ブラックロック
 

ブラックロック、制御されたヘリコプター・マネーを推奨

資産運用の世界最大手ブラックロックが、限定・制御されることを前提にヘリコプター・マネーを奨めている。
米知識層において、次の景気後退期にやれる政策が少ないことがコンセンサスになっているのだろう。


次の経済停滞期に対応するには先例のない政策が必要になる。
世界の金利がゼロかそれ未満に低下するにつれ、金融政策はほぼ消耗しつくした。
・・・
財政政策は、高い債務水準や典型的な実施の遅れを考慮すると、タイムリーに大きな刺激を与えるのに苦労するだろう。

ブラックロックが自社サイトで、次の景気後退期の刺激策について提案している。
金融・財政政策ともに課題がある中で、両政策の協調が必要との考えを示したものだ。
その一方で、MMT等の言葉を出さないものの、完全なマネタリー・ファイナンスやヘリコプター・マネーとは一線を画すよういくつも条件を付している。
金融・財政政策の協調については「ソフトな形の協調」と書いている。
独立した中央銀行を維持し、政策規模の決定、物価の監視を続けさせるべきとの考えからだ。

ブラックロックは自らの提案を「going direct」と書いている。
中央銀行から(政府を介さず)支出する主体にお金が回るためだ。
ヘリコプター・マネーの形をとることで、従来の金利調節が効かなくても実施でき、クラウディング・アウトも起こさなくてすむのだという。
もちろん、こうした手法にはリスクがともなうため、ブラックロックは条件となる検討を4つ挙げている:

1) 非常時の協調を発動する、非常時の状況の定義
2) その状況で財政・金融当局が達成の共同責任を負う明示的なインフレ目標
3) 建設的な財政政策を機敏に発動できるメカニズム
4) 明確な出口戦略

いずれも極めてまっとうな考えだとは思うが、人間の社会においてこうした美辞麗句が担保されるのかとの疑問もわく。
日本では似たような議論が7年ほど前にあった。
金融・財政政策の協調がアコードとして取り交わされ、デフレ退治が始まったが、政府がデフレ終焉を明言しても政策は終わらない。
日本の場合は、アベノミクス1年目を除けば財政政策が抑制的だった面があり、それがいくらかインフレに影響を及ぼしたのかもしれない。
しかし、問題はそこではない。
政府が経済回復を自慢するようになっても非常時の政策が終わらない、それが問題なのだ。
政治家が在任中に拡張的政策の継続を求めるのはどの国でも同じこと。
米国がますます日本化する可能性はそう低くないように見える。


ブラックロックはどこに終点があると考えているのか。

「この政策の規模は中央銀行によって決定され、インフレ目標を達成するよう調整される。
インフレ目標には過去の未達の取り戻し分を含む。
一たびインフレの中期トレンドが目標まで戻り、金融政策の余地が戻れば、政策は終了する。
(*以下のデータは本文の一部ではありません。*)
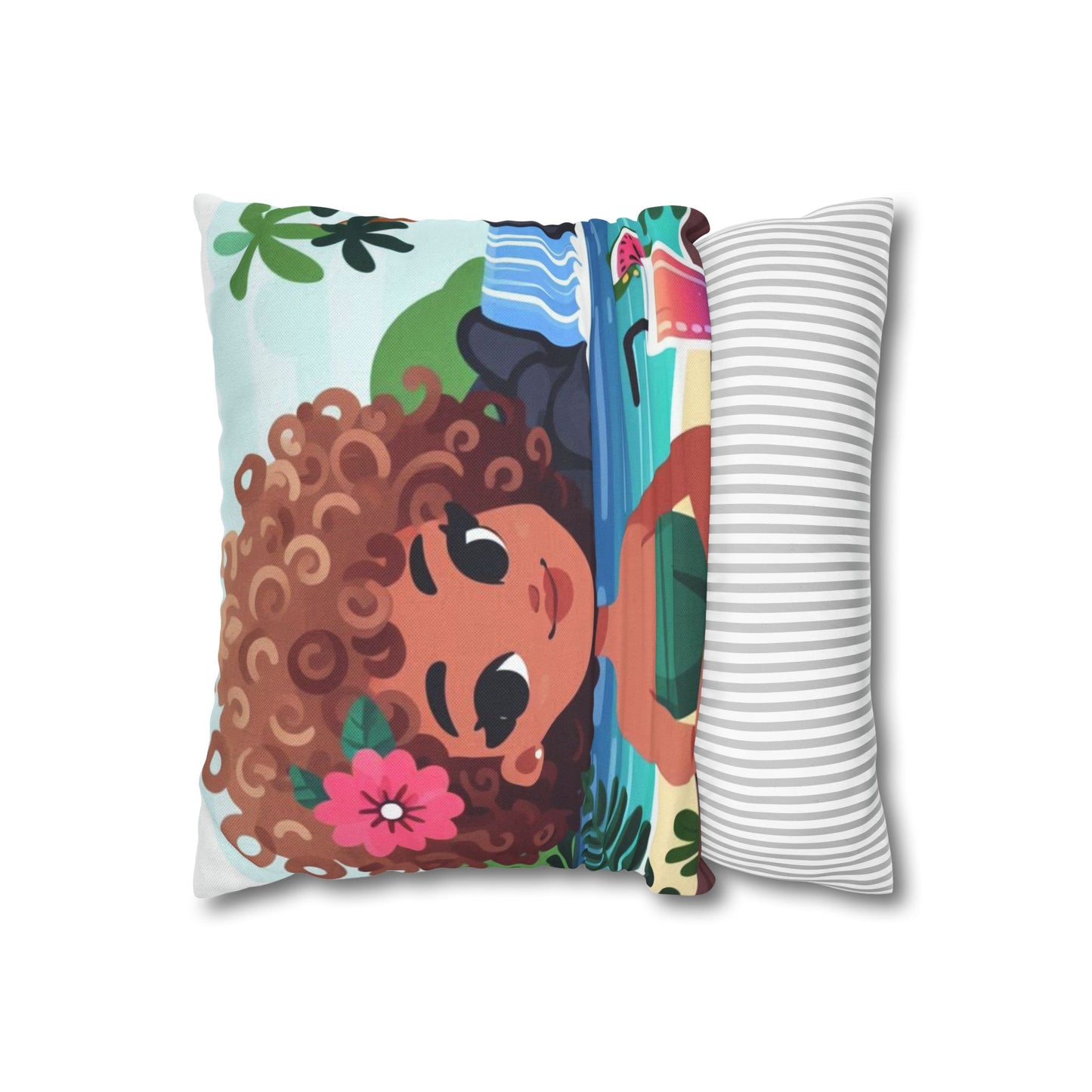 Tropical Vibe Pillowcase, Cute Decorative Pillow Cover for Beach Lovers, Summer Home Decor, Gift for Her, Fun Couch Accent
」

米国の場合、7月のコアCPIは前年同月比2.2%と、物価目標達成の現実味は低くない。
過去の未達分を取り戻すとは、もう少し金融緩和に浸っていたいという話だろう。
これに比べ、「金融政策の余地が戻」るというのは相当に遠い話だ。
景気後退期には通常4-5%の利下げが必要なのに、現在のFF金利誘導目標は2.00-2.25%だ。
ここから実質金利を4%下げるなら、ゼロ金利と4%物価上昇が必要だ。
つまり、このプランには出口がない、あるいはインフレ昂進が必要、のいずれかなのだ。

ブラックロックほどの会社がこの隘路に気づいていないはずもない。
それでもこうした提案が出てくるのはなぜなのか。
それは、政治・社会の分断に理由があるのだろう。
次の景気後退期、必ず経済的困難に陥る人が多く出る。
これを救わない理屈はないし、幅広く助ける努力を怠れば、それこそ極端論者・ポピュリズムにチャンスを与えてしまう。
彼らは荒唐無稽なバラ色の経済政策を語り、苦しみのあまり冷静に判断できない大衆の票を勝ち取るかもしれない。
そうならないために、まともな人たちは説得力のあるまともな案を用意しなければならないのだろう。